What you need to do
Output exactly, and only, the lines below from the one with "Blush pink relaxed" down to the one with "A long, floral". Include both end lines and no pictures.

The input
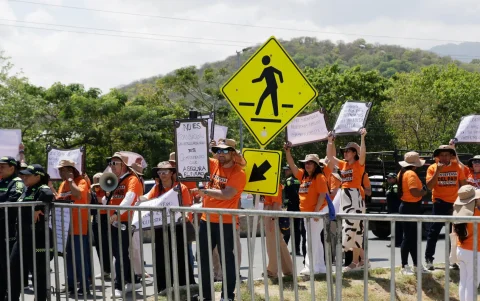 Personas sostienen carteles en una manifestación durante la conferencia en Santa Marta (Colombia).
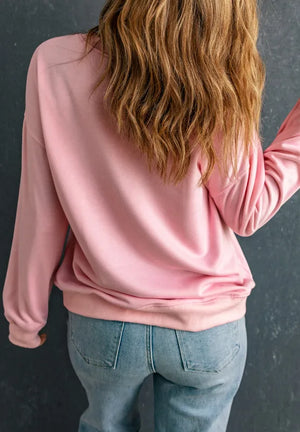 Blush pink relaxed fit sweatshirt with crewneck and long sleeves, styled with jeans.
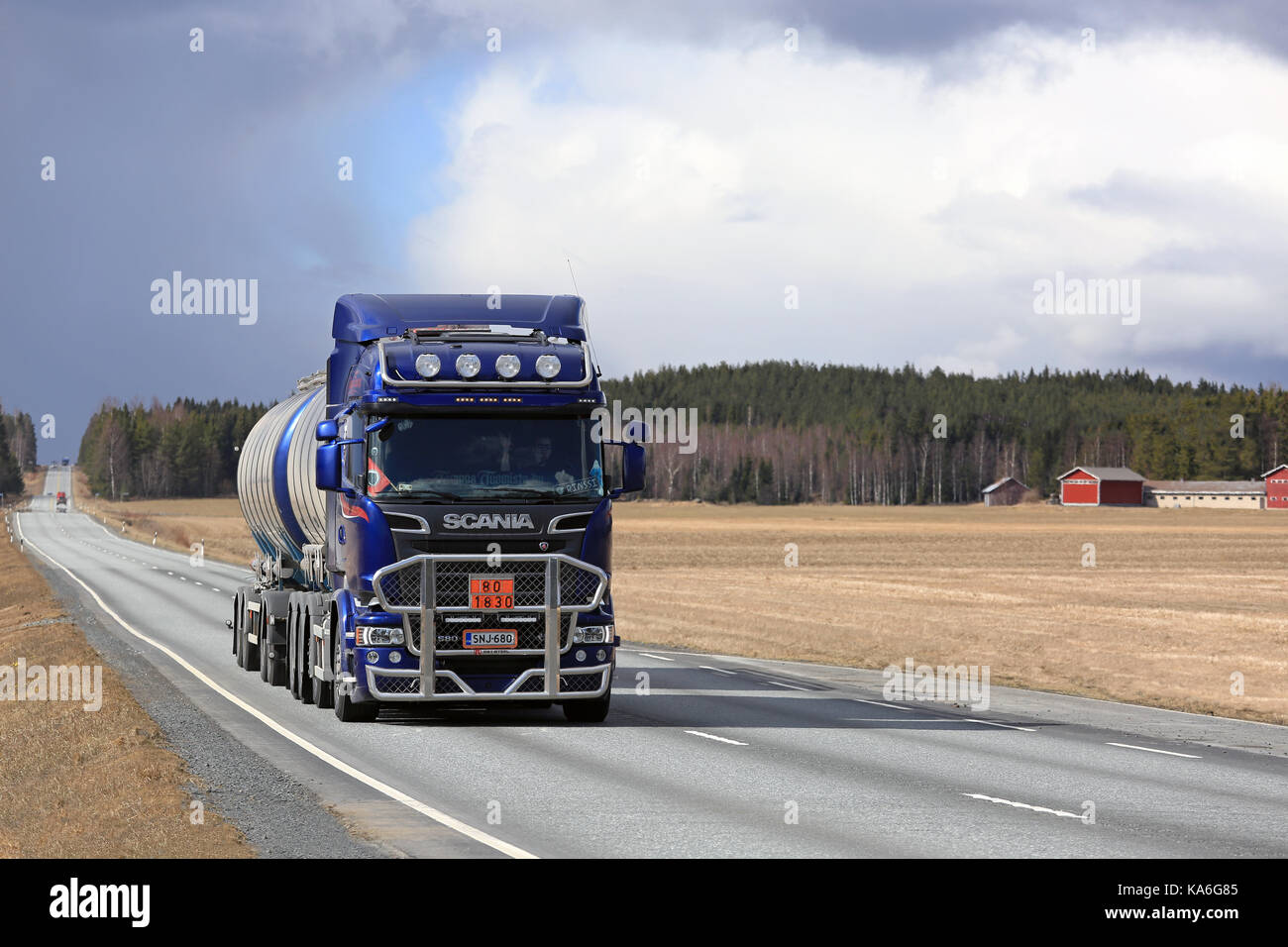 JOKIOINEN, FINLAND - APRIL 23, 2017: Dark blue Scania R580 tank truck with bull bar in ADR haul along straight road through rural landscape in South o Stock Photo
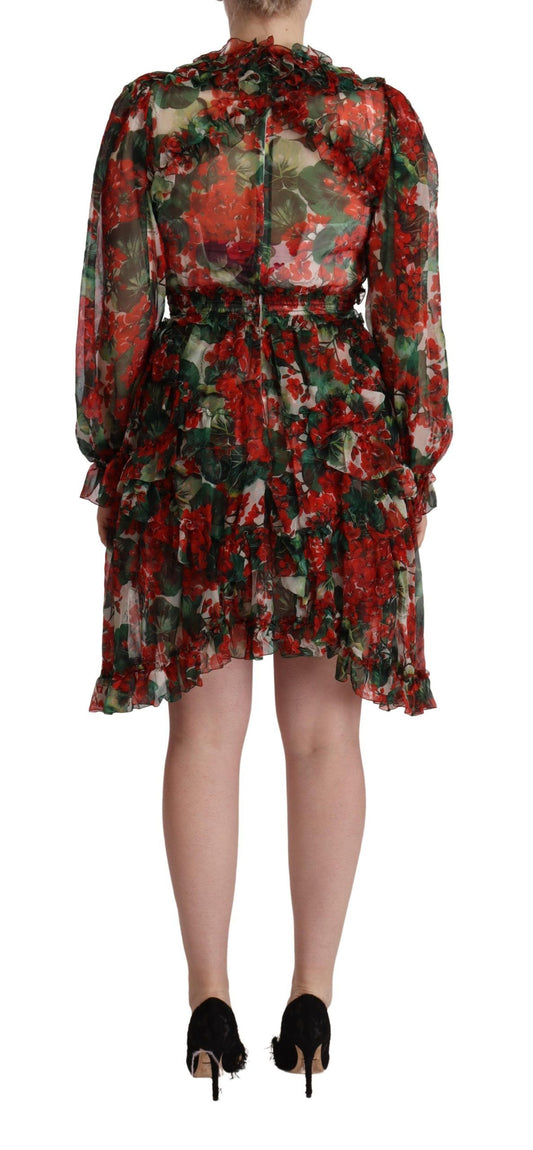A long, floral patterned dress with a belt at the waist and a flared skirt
...
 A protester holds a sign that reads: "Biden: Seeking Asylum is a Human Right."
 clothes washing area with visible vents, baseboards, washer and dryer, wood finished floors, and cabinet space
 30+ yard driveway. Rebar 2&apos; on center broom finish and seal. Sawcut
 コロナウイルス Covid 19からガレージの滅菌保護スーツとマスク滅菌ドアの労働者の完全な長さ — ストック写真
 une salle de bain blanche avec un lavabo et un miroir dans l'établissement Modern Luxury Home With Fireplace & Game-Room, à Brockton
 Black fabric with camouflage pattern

Exercise response
 Blush pink relaxed fit sweatshirt with crewneck and long sleeves, styled with jeans.
 JOKIOINEN, FINLAND - APRIL 23, 2017: Dark blue Scania R580 tank truck with bull bar in ADR haul along straight road through rural landscape in South o Stock Photo
A long, floral patterned dress with a belt at the waist and a flared skirt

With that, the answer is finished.